Perhaps the most confronting gender realignment of all was at Gucci — usually a bastion of tight-trousered, testosterone-charged gloss — where new creative director Alessandro Michele put his men in pussy-bow blouses, chiffon and red lace, while the four female models on the catwalk wore the least ‘feminine’ looks in the collection: naval-style overcoats, loose trousers, slim tailored jackets and silk shirts. In Paris, Hedi Slimane had even more female models at Saint Laurent and, while none were dressed as boyishly as his boys (in jeans tight enough to turn coal into diamonds), both genders wore boots with 8cm heels. Backstage, when asked if he was still pursuing a vision touched by androgyny, Slimane shrugged, smiled, and replied: ‘Always.’

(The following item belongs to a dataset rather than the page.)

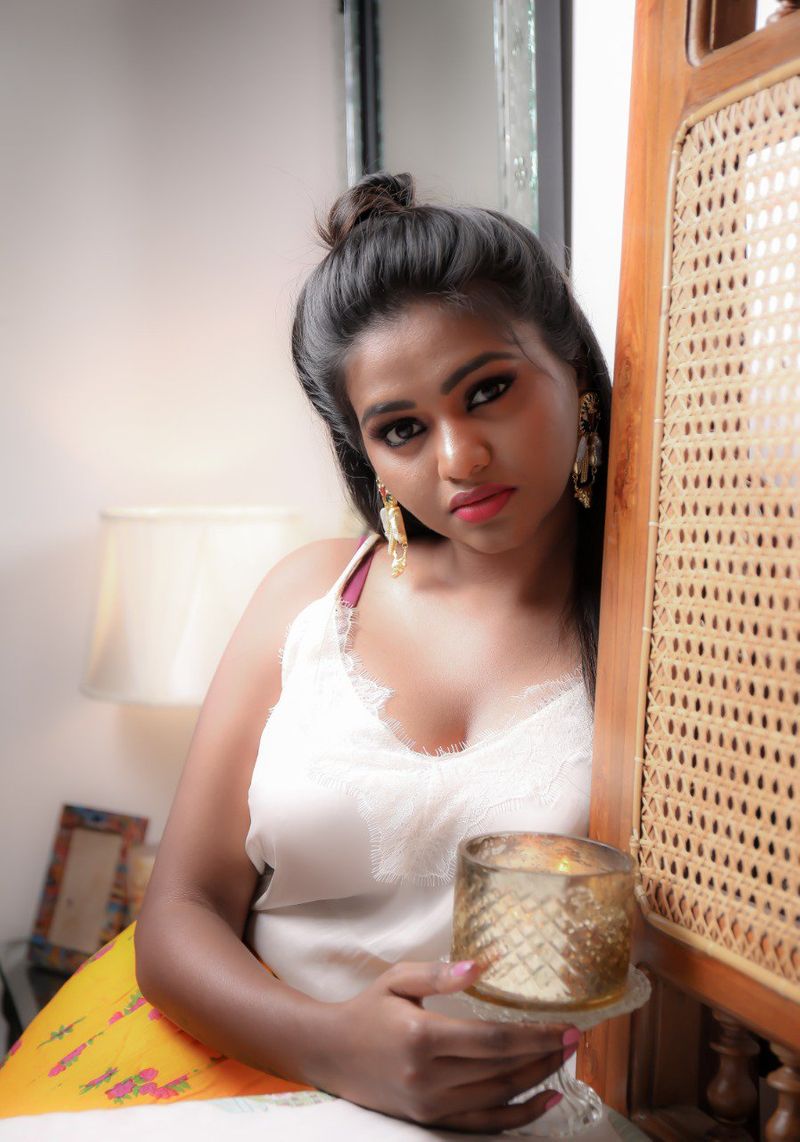 Shalu Shammu Offering to Desire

So, what’s up? There are a few fancy hypotheses you could bandy when contemplating just why fashion is changing its tune about who wears the trousers. Womenswear designers have been pushing a mannish look for some time now — Céline and all that. So you could venture that it follows that menswear designers will push back. And that this recalibration is a perfectly proper reflection of a society in which gender no longer defines our roles and our prospects as powerfully as before.

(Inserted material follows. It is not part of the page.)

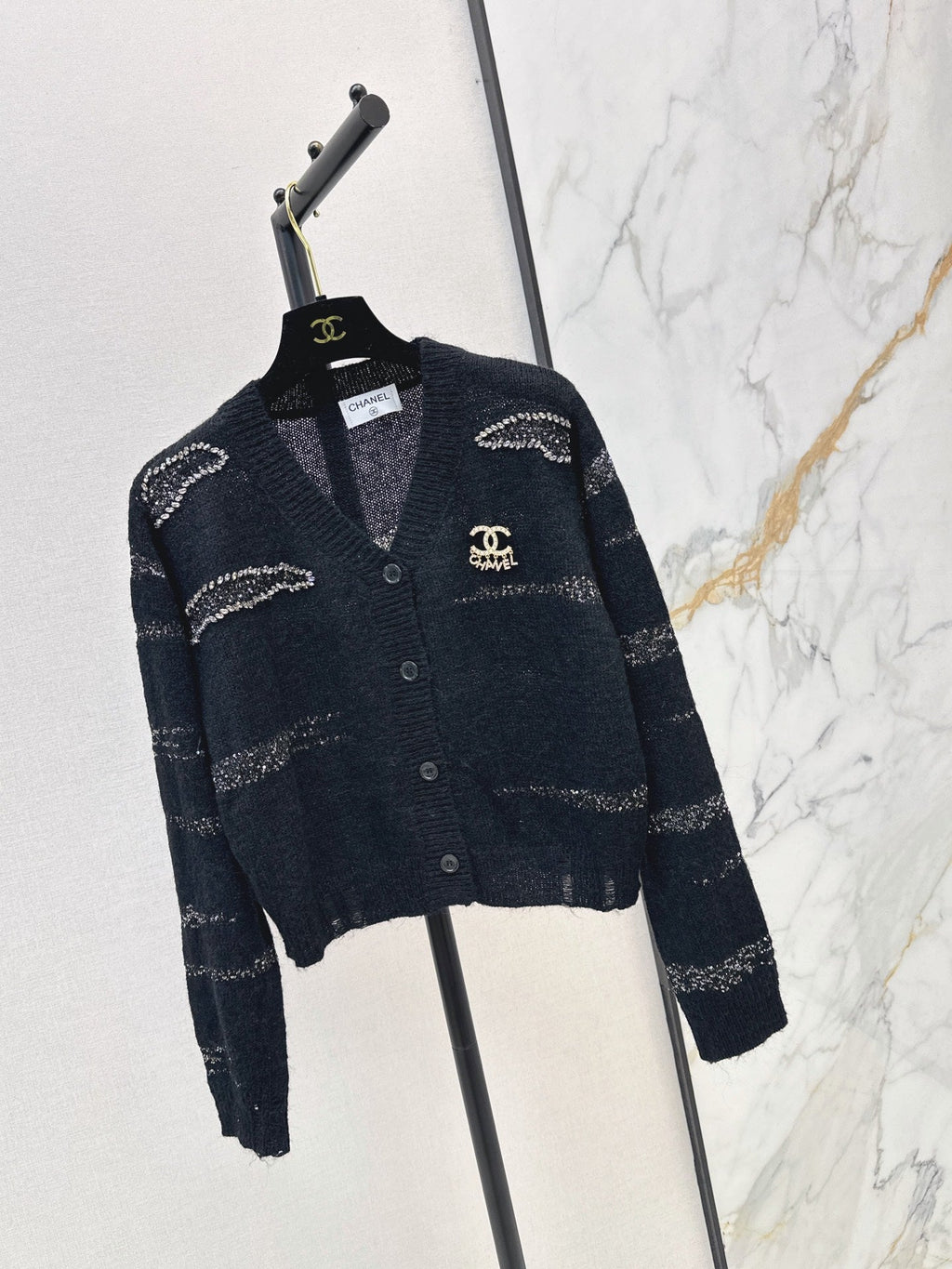 26Latest Autumn/Winter V-Neck Striped Long-Sleeve Knit Cardigan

It’s a notion that’s beginning to trickle down from designers into retail. Next month, Selfridges is introducing a three-floor retail area called Agender in which designer clothes, accessories and beauty products that are neither Barbie-girly nor aggressively mannish will be stocked. The store describes Agender as ‘a space where clothing is no longer imbued with directive gender values, enabling fashion to exist as a purer expression of self’.
That’s highfalutin stuff — but this shift is practical, too, and two powerful factors are the prosaic matters of timing and money. These just-past men’s collections coincided with the release of the women’s pre-fall collections, which go on sale in the summer. Many designers make both menswear and womenswear, so, to save time — although they probably wouldn’t put it that way — they now incorporate the same ideas into both men’s A/W and women’s pre-fall: two birds, one stone. That JW Anderson men’s collection with the businesswoman-cut trousers took it further by including the same suede coat in both collections. Reviewing both pre-fall and menswear collections, I repeatedly encountered designers who confessed that as much by necessity as creative urge, they were working simultaneously on collections for both genders. Inevitably, each was blurring into the other.

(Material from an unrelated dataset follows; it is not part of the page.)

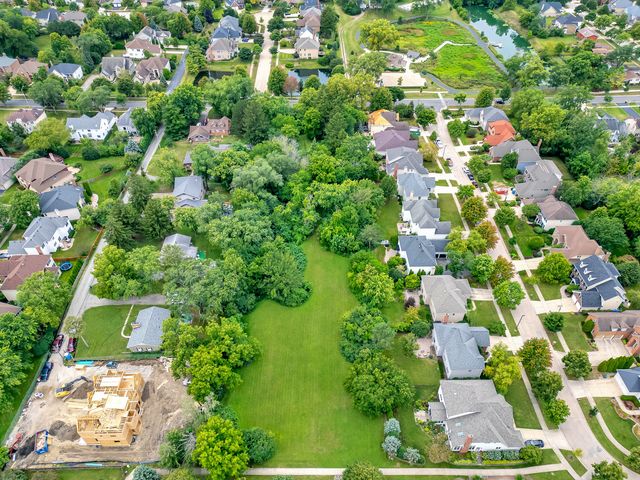 5725 S Wilmette Avenue, Westmont, IL 60559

The cleverest designers, Anderson and Prada among them, have made an artistic virtue of their crowded calendars: where they led, others are now following. And it makes glaring sense to feature men and women side by side on the catwalks. After all, fashion, along with sport, is pretty much the only business left where gender segregation is unblinkingly accepted. Miuccia Prada peppered her menswear catwalk with womenswear looks last season, too, and said afterwards: ‘I think the combination is more real. It is more “today”. Otherwise it looks like we are in classes, in the time of my grandfather — women divided from men. The shows divided are so unreal.’ While it’s still true that fashion often thrives on propagating unreality, it looks like the anachronism of aspic-clad gender separation is dissolving into something far more nuanced.